Stem cells, clonal expansion and cancer

progression

Compiled and annotated by Nadine T Gaisa, Institute of Pathology RWTH Aachen University, Aachen, Germany,

and Malcolm R Alison, Blizard Institute, Barts and The London School of Medicine and Dentistry, Queen Mary

University of London, London, UK

Setting the scene: stem cells in health and disease

Stem cells have seemingly been isolated from every tissue of the body, although in certain organs in vivo, notably

the heart and central nervous system, they do not appear to function in any useful way [1]. A critical feature of

stem cell behaviour is their ability to self-renew, and logically this can be achieved by asymmetric division,

whereby each stem cell divides to give rise to one daughter cell that remains a stem cell, while the other daughter

cell becomes a transit amplifying (TA) cell. In reality, events are not so straightforward and within a tissue unit,

e.g. a small intestinal crypt, stem cell number can also be maintained by symmetrical stem cell divisions that

stochastically adopt either stem or TA fates. A further feature of most adult tissue stem cells is their

multipotentiality; the ability of a single stem cell to produce all the cell lineages that occur within its location. This

can be demonstrated both in vitro and in vivo, the latter using lineage labelling with genetic markers (see below).

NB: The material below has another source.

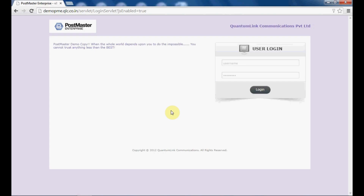Hi everybody. Let us discuss today how one can avail the feature of archiving mails in Postmaster. Mail archive in Postmaster is a feature which archives a copy of all your incoming, outgoing and local mails in a separate area — it could be the local drive or a mapped drive. Archiving in Postmaster can be done in various ways: file based archiving, email based archiving, or flexi based archiving.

Continually renewing populations are thus hierarchically organised, with stem, TA and differentiating

compartments.

Adult stem cells are also implicated in disease; metaplasia is likely due to a change in the local milieu of the

stem cell niche, commonly brought about by chronic inflammation, and there is good experimental evidence that

some cancers, notably in the intestine, are initiated most effectively by ‘driver’ mutations in stem cells. On the

other hand, cancer may also be initiated in cells further down the hierarchy, considered likely for the origin of

many leukaemias and some solid tumours, e.g. breast carcinomas (see below). Thus, due to the involvement of

adult stem cells in many pathological situations, stem cells across a broad range of tissues were the focus of the

2009 Annual Review issue of the Journal of Pathology [2]. It has also become apparent that tumours themselves

can be hierarchically organised, with cancer stem cells (CSCs) fuelling the growth of tumours [3] and this topic is

also discussed in this Virtual Issue.

1. Attributes of adult stem cells

Malcolm R Alison and Shahriar Islam

The Journal of Pathology 2009; 217: 144-160. (Invited review)

2. Stem cells in pathobiology and regenerative medicine

Malcolm R Alison

The Journal of Pathology 2009, 217, 141-143. (Introductory article)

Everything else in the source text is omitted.